Second, the Purcell efficiency is defined to be the ratio between the minimum power required to translate the cell body and the power actually dissipated during the bacterial motion. In our simulations, we find the maximal efficiency is in the range of 1–2%, similar to what others have found [4,10,13]. These two quantities (the minimum power vs. the actual power) are clearly of very different orders, which implies that the least power needed may not be an appropriate reference quantity. To provide a biophysical interpretation to the least power needed to translate the cell body, some authors have suggested that it represents the “useful” portion of the power dissipated during motion [9,13], but we believe this is a misconception. The bacterium is non-inertial; therefore, the force acting on the cell body by the fluid is exactly balanced by the force acting on the flagellum by the fluid (assuming no net body forces). Both the bacterial body and the flagellum have the same axial velocity (in a rigid model); therefore, the power dissipated due to the axial fluid drag on the body is exactly compensated by the power input by the axial fluid force exerted on the flagellum.

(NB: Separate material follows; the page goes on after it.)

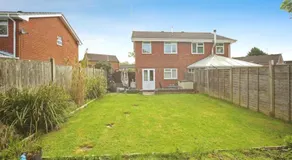 Entire home in Redditch - Image 5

Finally, as Purcell noted in 1977, the efficiency of the bacterial motility system is probably best characterized by the energy consumption relative to the overall metabolic budget of the organism [4]. This suggestion led us to consider the metabolic energy cost $\mathcal{E}$ (Equation (10)) introduced in this paper. The actual amount of that metabolic budget used for motility is a small fraction, so Purcell [4] also suggested that bacterial motility is not really subject to strong selective forces toward optimal efficiency. Our data do not say whether evolutionary processes tend to minimize the energy cost of bacterial motility, but a plausible counterargument is that the bacterium needs to consume most of its energy for other biological functions and has only a small fraction available for motility. Thus, small absolute changes in energy consumption correspond to large relative changes in the energy available for motility, resulting in a significant selective pressure to make the motility system as efficient as possible.

Many research questions about how physical interactions between bacteria and their environment result in selective pressures in evolutionary processes remain open, despite significant progress in the field. Modern computational simulations and methods such as MRS and MIRS will remain important tools for quantifying microscopic bacterial motion with precision. Calibrating these methods with experimental results in cases where exact theory is unavailable can help to ensure simulations give accurate quantitative results. In future work, we will extend the macroscopic experimental system to consider a wider variety of possible geometries relevant to bacterial motility and make comparisons with biological measurements.